What Would We Do Without It?
I was back at the cancer center yesterday and once again, it was far too crowded. Too many cancer patients….Too many caregivers.
Some sit, waiting for their treatments with blank stares on their faces. I wonder where they are? Where have their thoughts taken them? Hopefully it’s back to a time when cancer wasn’t a factor. Maybe they see a beautiful mountain range and hear the birds singing or maybe they’re on a beach somewhere with a cool, salty breeze and endless blue skies. Better times and better places, they deserve those day dreams.
The caregivers have looks of worry and fatigue too. You can tell who has been in this fight a long time. The weary eyes, even the smiles have changed.
But still, there they are, in the fight. The fight for life. When the treatment is complete, they take off the hospital gown, change back into street clothes and step back into the new normal. Hopefully, the treatment killed a lot of cancer cells today. Hopefully, any tumor spread was stopped another day.

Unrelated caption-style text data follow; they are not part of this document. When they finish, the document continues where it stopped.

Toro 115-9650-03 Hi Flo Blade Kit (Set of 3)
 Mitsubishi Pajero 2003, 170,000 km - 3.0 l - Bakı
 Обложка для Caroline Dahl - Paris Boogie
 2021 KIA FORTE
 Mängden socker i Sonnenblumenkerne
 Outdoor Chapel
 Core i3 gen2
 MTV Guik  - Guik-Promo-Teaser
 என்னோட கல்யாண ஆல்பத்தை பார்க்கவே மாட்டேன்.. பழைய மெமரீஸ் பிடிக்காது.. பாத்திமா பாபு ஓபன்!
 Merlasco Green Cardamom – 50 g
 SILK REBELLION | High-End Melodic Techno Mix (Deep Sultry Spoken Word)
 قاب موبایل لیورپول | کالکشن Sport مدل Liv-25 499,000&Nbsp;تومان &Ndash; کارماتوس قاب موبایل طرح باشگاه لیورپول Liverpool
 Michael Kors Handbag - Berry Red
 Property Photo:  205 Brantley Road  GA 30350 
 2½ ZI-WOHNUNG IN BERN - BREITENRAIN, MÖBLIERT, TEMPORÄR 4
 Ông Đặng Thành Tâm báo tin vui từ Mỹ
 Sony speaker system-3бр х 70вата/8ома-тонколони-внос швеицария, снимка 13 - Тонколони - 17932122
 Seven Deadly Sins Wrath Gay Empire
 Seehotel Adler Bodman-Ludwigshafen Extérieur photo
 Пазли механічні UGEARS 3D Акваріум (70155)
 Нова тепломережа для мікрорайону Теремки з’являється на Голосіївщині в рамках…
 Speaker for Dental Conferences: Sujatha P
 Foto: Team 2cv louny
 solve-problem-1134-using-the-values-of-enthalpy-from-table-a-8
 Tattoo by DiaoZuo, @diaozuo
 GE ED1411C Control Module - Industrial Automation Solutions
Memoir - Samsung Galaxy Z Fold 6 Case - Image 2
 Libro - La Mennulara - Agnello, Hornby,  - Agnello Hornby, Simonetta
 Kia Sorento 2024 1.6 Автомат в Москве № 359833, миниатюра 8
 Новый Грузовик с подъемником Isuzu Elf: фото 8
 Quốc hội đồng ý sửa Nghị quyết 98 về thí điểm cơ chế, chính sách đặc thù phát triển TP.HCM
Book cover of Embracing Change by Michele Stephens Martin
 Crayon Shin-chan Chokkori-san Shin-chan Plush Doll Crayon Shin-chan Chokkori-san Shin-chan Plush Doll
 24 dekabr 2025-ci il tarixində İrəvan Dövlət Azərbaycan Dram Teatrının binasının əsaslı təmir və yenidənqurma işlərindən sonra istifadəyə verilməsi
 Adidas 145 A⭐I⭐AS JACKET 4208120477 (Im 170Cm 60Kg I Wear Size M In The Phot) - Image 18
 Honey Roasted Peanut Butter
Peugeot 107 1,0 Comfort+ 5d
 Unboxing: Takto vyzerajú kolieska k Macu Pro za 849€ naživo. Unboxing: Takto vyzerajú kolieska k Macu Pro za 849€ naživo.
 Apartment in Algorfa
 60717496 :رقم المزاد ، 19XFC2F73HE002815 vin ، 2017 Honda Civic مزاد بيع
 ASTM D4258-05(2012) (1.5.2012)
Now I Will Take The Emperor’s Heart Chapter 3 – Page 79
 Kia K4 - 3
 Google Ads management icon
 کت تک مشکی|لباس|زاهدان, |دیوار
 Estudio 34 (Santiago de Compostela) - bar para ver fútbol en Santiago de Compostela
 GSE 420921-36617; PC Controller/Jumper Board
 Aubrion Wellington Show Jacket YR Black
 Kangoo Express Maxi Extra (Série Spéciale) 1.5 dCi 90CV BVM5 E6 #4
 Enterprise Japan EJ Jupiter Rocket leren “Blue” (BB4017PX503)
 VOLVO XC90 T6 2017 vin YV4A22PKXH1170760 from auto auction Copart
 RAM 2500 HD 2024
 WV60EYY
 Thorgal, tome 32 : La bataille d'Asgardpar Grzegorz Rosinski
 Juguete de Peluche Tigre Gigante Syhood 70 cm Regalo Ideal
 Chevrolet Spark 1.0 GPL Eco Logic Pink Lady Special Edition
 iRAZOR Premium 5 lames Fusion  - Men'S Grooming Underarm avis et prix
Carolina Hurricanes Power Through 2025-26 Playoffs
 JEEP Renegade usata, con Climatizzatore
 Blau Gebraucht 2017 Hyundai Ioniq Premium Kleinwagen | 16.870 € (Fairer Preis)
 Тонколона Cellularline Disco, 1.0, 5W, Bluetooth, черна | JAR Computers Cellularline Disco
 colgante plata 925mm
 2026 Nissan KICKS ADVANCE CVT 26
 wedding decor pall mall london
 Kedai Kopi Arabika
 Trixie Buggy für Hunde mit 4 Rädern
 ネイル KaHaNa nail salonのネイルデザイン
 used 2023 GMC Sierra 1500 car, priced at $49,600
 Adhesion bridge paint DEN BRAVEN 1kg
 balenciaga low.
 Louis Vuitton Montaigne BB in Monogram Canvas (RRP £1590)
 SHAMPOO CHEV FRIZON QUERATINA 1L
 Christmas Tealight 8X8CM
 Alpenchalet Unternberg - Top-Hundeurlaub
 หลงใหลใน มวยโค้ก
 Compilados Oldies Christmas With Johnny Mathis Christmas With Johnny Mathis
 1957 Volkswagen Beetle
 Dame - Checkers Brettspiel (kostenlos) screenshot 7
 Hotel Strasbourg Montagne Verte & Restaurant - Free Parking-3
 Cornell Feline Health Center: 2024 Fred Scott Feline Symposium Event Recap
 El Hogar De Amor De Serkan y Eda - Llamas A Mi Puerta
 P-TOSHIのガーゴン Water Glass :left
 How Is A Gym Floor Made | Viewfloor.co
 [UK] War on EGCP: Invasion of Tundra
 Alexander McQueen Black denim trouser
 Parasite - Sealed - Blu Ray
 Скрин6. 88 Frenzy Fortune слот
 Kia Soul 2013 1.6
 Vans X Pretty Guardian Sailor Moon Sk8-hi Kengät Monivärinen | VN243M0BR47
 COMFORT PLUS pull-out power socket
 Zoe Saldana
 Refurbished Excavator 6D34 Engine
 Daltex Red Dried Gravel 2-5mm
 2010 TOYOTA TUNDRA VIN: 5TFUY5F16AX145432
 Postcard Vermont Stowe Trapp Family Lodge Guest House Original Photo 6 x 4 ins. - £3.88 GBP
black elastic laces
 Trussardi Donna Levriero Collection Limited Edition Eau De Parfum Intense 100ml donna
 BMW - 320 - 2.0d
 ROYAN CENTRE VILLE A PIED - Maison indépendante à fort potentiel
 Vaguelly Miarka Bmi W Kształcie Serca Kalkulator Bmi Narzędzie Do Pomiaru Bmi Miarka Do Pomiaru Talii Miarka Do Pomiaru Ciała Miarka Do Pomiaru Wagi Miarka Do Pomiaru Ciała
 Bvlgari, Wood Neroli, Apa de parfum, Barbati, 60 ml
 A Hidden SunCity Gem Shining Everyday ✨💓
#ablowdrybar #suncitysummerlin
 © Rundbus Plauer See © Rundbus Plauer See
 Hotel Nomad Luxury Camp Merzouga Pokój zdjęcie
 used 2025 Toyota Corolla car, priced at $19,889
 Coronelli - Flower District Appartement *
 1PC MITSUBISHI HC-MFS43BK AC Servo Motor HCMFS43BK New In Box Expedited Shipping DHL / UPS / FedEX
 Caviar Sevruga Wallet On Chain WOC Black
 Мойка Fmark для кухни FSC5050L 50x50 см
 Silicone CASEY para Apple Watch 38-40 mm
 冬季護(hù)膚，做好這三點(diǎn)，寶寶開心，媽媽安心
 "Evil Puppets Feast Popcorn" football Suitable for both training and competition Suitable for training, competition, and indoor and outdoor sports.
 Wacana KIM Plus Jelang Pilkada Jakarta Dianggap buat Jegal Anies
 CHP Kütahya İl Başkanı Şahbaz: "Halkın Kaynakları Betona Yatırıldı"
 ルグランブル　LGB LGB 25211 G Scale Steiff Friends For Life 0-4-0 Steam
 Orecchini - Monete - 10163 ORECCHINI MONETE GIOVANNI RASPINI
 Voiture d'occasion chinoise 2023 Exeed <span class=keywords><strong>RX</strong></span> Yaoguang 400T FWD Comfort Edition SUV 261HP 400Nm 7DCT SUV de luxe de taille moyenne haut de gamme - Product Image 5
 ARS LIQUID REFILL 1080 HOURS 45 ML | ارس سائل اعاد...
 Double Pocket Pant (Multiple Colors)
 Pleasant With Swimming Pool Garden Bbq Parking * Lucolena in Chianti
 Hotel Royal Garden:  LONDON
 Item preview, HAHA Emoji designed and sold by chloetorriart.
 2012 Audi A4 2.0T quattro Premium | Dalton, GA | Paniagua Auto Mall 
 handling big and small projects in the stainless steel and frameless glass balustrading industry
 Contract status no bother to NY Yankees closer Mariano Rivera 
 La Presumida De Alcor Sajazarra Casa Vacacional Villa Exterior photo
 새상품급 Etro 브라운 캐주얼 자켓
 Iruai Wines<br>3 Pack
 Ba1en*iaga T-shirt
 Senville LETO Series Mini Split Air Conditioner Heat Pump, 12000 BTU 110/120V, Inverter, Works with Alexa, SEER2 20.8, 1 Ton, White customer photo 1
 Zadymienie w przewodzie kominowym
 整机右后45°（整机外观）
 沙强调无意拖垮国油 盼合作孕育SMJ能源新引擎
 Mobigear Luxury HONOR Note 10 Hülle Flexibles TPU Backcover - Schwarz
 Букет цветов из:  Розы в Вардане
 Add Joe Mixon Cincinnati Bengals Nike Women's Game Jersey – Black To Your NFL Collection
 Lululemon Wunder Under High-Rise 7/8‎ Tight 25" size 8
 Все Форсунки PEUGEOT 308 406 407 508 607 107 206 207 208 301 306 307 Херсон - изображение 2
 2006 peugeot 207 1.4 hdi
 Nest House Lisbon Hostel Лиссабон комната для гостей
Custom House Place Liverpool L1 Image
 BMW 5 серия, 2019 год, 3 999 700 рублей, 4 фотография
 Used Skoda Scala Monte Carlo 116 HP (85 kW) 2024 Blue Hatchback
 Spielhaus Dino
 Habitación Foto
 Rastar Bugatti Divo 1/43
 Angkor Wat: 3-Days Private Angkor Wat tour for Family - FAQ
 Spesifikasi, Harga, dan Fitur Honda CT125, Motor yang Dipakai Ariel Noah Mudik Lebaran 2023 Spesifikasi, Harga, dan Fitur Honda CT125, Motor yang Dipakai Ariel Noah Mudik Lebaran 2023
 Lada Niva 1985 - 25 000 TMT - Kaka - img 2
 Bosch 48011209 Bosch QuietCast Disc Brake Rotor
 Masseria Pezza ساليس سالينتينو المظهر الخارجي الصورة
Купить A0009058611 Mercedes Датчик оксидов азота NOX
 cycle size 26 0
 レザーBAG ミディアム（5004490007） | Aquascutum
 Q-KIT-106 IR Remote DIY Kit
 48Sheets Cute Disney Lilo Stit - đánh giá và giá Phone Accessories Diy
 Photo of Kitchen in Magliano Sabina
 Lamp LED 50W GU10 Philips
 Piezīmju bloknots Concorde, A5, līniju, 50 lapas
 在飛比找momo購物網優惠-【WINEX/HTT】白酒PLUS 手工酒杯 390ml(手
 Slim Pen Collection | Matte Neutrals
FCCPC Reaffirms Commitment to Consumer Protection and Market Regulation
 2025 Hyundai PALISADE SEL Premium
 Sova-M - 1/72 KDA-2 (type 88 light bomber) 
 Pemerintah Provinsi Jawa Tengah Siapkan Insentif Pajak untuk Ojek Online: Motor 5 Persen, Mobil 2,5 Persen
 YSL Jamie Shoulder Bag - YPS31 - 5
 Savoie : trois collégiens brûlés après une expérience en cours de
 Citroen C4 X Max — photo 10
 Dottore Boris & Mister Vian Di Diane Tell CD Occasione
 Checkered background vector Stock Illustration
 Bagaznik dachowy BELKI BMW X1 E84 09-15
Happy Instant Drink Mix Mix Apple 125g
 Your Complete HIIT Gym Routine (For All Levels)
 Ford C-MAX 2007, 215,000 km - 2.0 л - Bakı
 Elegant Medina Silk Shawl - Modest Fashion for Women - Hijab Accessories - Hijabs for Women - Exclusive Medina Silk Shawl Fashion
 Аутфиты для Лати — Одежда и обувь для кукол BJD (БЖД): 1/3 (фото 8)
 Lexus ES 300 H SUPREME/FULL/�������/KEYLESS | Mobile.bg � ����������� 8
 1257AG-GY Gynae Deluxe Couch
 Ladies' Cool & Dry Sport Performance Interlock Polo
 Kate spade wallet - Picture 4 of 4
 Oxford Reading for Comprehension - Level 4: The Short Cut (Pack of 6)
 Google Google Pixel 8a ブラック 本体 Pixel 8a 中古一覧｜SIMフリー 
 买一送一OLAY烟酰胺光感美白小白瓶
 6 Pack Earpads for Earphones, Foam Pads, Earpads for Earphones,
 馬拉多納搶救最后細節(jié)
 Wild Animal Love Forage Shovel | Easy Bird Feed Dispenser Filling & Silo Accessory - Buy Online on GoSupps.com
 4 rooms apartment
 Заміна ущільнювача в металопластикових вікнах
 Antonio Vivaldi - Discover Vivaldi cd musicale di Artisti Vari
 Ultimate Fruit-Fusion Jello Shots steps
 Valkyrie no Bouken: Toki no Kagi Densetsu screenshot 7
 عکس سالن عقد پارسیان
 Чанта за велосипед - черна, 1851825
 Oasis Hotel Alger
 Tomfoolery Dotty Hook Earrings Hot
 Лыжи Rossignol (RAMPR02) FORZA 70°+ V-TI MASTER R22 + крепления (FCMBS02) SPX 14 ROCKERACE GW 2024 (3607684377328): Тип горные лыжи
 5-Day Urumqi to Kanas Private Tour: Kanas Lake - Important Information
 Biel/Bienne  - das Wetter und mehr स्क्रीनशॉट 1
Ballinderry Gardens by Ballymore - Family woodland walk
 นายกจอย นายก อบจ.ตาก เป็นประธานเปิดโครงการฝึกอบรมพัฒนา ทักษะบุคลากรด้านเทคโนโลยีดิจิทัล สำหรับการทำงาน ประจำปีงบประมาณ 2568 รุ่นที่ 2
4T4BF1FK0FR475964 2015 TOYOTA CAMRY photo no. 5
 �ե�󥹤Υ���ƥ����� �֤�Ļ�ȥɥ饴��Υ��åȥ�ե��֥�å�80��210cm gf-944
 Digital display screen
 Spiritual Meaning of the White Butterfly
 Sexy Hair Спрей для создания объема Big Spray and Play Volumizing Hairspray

HOPE-fully….What would we do without it?
July 21, 2011 @ 6:41 pm
The little light of HOPE is a wonderful thing. A friend was telling me today that his daughter-in-law was just diagnosed with pancreatic cancer. At the small regional hospital, the doctor was less than hopeful. They went to a cancer center in Philadelphia where the prognosis was grim but still offered some hope. Multiple rounds of chemo have caused the tumor to shrink on her pancreas as well as the liver. Surgery has helped greatly but they know she is fighting a deadly enemy. Still she fights on. More chemo planned. One of her doctors told her that “if I can get you through a year, I’ll get you through at least 5 years”! Now that’s the kind of doctor I want fighting alongside me!!! I recommended to my friend that he suggest to his son and daughter-in-law to consider Johns Hopkins for another opinion and perhaps some additional options. The current doctor has given them something to latch onto in spite of the odds. HOPE is powerful and often that’s all we have.